• How to complete this task: Take the data from its first line. Print each line exactly until the line containing "Whimsical Peach &" has been printed too.

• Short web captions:
+++++

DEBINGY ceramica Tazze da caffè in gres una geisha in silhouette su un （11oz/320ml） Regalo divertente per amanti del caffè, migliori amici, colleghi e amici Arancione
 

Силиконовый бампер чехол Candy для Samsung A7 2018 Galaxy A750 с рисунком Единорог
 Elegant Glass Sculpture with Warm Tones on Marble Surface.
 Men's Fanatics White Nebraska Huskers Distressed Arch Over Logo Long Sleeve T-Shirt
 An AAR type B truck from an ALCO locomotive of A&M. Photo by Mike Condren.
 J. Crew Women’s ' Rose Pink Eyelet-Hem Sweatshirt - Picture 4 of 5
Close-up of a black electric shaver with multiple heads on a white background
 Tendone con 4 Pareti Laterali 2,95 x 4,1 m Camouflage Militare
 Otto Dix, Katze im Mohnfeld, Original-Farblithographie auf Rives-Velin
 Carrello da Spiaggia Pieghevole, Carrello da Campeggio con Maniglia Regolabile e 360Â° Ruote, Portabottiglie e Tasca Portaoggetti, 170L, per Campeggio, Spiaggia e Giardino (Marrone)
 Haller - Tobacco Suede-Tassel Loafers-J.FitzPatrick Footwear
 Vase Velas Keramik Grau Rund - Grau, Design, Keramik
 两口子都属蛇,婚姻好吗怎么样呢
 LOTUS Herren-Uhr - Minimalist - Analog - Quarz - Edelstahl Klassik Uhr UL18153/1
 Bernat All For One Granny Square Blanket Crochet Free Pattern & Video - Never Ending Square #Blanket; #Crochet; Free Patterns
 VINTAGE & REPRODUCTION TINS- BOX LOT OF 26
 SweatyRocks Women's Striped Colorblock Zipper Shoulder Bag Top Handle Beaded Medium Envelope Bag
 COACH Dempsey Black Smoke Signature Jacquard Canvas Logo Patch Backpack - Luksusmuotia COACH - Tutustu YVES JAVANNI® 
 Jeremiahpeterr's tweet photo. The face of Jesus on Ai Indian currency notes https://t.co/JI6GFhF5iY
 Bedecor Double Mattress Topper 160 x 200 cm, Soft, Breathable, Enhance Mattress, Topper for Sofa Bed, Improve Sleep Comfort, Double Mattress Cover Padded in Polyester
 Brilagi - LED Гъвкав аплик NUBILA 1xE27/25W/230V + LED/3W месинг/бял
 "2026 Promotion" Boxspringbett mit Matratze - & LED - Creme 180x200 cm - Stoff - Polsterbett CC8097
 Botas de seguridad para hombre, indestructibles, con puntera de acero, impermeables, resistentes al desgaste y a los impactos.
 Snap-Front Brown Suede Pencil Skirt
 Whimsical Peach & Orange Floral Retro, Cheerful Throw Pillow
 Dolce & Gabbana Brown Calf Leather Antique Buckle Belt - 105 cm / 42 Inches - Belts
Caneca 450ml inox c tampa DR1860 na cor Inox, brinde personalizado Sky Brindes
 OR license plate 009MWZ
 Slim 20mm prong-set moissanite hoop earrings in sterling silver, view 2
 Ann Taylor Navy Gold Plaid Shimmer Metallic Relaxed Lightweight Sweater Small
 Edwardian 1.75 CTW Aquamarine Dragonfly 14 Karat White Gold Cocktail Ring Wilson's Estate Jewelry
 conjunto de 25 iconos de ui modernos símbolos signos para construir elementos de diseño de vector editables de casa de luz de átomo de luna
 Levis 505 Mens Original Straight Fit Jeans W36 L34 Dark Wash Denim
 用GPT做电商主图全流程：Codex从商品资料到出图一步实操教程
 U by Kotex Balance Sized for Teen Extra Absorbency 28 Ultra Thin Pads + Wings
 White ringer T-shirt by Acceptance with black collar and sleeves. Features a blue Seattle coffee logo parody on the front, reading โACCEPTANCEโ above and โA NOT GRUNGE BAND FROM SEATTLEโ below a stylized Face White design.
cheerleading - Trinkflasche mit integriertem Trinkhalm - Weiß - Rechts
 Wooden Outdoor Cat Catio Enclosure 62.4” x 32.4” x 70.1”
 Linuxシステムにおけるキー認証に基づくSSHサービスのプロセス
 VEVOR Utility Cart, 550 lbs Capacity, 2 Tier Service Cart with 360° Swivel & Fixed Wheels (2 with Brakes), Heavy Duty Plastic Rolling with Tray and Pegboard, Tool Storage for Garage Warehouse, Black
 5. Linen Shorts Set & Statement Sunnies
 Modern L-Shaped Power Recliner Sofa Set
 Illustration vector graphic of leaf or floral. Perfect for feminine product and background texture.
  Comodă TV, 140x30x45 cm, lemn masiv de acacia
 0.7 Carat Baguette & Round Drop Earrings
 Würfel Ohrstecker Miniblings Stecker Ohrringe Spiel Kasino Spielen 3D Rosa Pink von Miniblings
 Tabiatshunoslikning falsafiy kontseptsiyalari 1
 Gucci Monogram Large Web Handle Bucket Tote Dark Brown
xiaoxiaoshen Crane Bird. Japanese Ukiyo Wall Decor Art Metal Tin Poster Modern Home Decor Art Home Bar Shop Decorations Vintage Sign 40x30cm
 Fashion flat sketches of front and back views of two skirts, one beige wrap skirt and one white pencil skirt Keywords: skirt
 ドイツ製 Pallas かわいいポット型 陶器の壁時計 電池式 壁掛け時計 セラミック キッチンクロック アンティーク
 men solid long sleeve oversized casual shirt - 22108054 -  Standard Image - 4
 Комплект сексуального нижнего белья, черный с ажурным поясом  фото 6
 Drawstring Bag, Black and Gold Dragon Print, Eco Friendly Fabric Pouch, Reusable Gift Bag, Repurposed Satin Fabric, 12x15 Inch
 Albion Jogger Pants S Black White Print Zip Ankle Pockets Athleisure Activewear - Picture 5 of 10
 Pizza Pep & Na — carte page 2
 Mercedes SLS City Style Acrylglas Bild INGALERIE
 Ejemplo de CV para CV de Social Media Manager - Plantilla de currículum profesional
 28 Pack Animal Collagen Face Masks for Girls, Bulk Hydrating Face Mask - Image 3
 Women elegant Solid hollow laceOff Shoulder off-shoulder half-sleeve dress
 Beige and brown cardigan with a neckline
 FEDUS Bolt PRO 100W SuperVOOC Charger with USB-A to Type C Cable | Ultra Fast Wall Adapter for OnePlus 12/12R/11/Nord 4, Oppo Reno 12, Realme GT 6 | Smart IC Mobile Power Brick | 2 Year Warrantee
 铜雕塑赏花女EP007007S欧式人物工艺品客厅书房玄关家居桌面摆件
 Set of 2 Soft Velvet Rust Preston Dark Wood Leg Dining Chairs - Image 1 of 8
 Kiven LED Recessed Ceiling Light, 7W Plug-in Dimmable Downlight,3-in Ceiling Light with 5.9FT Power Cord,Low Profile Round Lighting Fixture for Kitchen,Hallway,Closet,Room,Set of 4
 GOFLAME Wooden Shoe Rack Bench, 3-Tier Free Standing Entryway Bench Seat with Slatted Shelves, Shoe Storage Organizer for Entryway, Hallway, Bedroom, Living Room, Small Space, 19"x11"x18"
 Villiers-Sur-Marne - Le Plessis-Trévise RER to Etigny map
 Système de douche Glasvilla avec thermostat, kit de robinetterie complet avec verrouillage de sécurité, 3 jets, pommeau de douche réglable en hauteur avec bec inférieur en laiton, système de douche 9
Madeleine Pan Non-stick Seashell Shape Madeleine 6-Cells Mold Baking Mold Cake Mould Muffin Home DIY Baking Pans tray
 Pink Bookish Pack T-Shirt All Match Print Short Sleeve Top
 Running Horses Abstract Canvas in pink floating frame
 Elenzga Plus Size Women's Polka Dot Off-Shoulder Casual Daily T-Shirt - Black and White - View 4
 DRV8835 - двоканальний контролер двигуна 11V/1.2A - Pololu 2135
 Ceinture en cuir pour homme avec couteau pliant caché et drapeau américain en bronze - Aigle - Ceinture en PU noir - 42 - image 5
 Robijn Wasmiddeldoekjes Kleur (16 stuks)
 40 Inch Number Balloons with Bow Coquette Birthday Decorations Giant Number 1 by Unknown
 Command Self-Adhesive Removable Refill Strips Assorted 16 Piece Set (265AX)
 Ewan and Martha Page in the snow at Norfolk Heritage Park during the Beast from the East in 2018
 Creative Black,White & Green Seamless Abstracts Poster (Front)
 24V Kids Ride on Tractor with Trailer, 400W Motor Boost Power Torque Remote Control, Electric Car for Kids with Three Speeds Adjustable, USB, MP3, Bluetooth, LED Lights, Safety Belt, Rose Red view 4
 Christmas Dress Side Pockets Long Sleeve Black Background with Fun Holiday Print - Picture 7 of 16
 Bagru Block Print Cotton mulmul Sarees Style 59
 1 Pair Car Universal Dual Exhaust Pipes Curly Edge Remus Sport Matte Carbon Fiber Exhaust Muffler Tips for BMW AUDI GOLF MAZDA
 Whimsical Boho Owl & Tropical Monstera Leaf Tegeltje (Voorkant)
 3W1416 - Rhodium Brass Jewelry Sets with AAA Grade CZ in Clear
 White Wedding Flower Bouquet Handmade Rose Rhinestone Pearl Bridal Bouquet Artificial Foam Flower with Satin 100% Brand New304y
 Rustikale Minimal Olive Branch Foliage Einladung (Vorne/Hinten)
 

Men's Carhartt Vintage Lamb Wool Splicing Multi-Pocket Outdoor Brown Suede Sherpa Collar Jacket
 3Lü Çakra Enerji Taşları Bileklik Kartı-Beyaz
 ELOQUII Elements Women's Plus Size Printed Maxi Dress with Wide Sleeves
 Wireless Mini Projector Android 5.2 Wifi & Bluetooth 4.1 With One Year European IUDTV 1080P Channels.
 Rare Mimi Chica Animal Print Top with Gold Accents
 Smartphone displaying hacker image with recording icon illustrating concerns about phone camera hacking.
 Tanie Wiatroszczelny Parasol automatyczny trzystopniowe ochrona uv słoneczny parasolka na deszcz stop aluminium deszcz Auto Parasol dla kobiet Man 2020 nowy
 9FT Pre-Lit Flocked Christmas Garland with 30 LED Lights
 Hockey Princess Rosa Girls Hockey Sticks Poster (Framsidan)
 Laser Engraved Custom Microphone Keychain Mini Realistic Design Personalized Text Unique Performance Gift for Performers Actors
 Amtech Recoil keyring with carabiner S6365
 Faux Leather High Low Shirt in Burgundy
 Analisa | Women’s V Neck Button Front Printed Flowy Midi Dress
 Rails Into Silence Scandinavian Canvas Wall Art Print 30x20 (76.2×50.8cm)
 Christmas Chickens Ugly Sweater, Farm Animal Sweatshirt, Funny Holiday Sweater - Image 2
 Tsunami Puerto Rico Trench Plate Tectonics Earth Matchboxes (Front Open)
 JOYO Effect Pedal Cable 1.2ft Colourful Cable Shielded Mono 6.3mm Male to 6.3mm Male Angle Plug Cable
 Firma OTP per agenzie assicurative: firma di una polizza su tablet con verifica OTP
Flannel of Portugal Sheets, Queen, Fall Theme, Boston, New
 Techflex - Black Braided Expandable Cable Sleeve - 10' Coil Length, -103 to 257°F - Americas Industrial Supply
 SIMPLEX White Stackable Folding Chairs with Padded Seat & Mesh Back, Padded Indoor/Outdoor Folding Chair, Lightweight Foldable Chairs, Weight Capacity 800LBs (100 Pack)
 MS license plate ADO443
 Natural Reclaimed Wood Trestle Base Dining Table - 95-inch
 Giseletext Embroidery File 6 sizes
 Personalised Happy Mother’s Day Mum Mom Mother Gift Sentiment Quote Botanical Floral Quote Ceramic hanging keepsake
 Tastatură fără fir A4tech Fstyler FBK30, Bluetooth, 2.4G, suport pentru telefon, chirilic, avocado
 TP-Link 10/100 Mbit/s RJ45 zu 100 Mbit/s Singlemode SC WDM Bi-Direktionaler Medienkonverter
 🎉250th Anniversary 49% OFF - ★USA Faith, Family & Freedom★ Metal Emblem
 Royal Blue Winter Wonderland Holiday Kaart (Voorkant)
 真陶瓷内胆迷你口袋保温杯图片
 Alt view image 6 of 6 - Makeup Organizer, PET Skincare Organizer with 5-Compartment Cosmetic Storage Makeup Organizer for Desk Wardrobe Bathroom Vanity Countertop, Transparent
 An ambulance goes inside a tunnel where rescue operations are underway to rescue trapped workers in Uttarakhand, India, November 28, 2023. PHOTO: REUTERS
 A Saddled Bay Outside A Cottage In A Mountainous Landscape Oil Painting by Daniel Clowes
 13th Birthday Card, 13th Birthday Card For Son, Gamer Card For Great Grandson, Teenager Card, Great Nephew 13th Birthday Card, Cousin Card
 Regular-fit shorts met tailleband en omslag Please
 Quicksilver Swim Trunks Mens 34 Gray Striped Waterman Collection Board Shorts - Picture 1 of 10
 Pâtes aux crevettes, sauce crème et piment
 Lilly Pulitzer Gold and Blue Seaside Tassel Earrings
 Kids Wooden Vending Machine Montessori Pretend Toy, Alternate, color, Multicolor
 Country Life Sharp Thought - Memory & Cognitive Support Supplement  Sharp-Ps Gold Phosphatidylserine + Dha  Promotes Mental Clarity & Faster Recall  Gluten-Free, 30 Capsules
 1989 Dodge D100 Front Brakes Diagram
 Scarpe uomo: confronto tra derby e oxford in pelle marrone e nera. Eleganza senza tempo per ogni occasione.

+++++

• Your response:
DEBINGY ceramica Tazze da caffè in gres una geisha in silhouette su un （11oz/320ml） Regalo divertente per amanti del caffè, migliori amici, colleghi e amici Arancione
 

Силиконовый бампер чехол Candy для Samsung A7 2018 Galaxy A750 с рисунком Единорог
 Elegant Glass Sculpture with Warm Tones on Marble Surface.
 Men's Fanatics White Nebraska Huskers Distressed Arch Over Logo Long Sleeve T-Shirt
 An AAR type B truck from an ALCO locomotive of A&M. Photo by Mike Condren.
 J. Crew Women’s ' Rose Pink Eyelet-Hem Sweatshirt - Picture 4 of 5
Close-up of a black electric shaver with multiple heads on a white background
 Tendone con 4 Pareti Laterali 2,95 x 4,1 m Camouflage Militare
 Otto Dix, Katze im Mohnfeld, Original-Farblithographie auf Rives-Velin
 Carrello da Spiaggia Pieghevole, Carrello da Campeggio con Maniglia Regolabile e 360Â° Ruote, Portabottiglie e Tasca Portaoggetti, 170L, per Campeggio, Spiaggia e Giardino (Marrone)
 Haller - Tobacco Suede-Tassel Loafers-J.FitzPatrick Footwear
 Vase Velas Keramik Grau Rund - Grau, Design, Keramik
 两口子都属蛇,婚姻好吗怎么样呢
 LOTUS Herren-Uhr - Minimalist - Analog - Quarz - Edelstahl Klassik Uhr UL18153/1
 Bernat All For One Granny Square Blanket Crochet Free Pattern & Video - Never Ending Square #Blanket; #Crochet; Free Patterns
 VINTAGE & REPRODUCTION TINS- BOX LOT OF 26
 SweatyRocks Women's Striped Colorblock Zipper Shoulder Bag Top Handle Beaded Medium Envelope Bag
 COACH Dempsey Black Smoke Signature Jacquard Canvas Logo Patch Backpack - Luksusmuotia COACH - Tutustu YVES JAVANNI® 
 Jeremiahpeterr's tweet photo. The face of Jesus on Ai Indian currency notes https://t.co/JI6GFhF5iY
 Bedecor Double Mattress Topper 160 x 200 cm, Soft, Breathable, Enhance Mattress, Topper for Sofa Bed, Improve Sleep Comfort, Double Mattress Cover Padded in Polyester
 Brilagi - LED Гъвкав аплик NUBILA 1xE27/25W/230V + LED/3W месинг/бял
 "2026 Promotion" Boxspringbett mit Matratze - & LED - Creme 180x200 cm - Stoff - Polsterbett CC8097
 Botas de seguridad para hombre, indestructibles, con puntera de acero, impermeables, resistentes al desgaste y a los impactos.
 Snap-Front Brown Suede Pencil Skirt
 Whimsical Peach & Orange Floral Retro, Cheerful Throw Pillow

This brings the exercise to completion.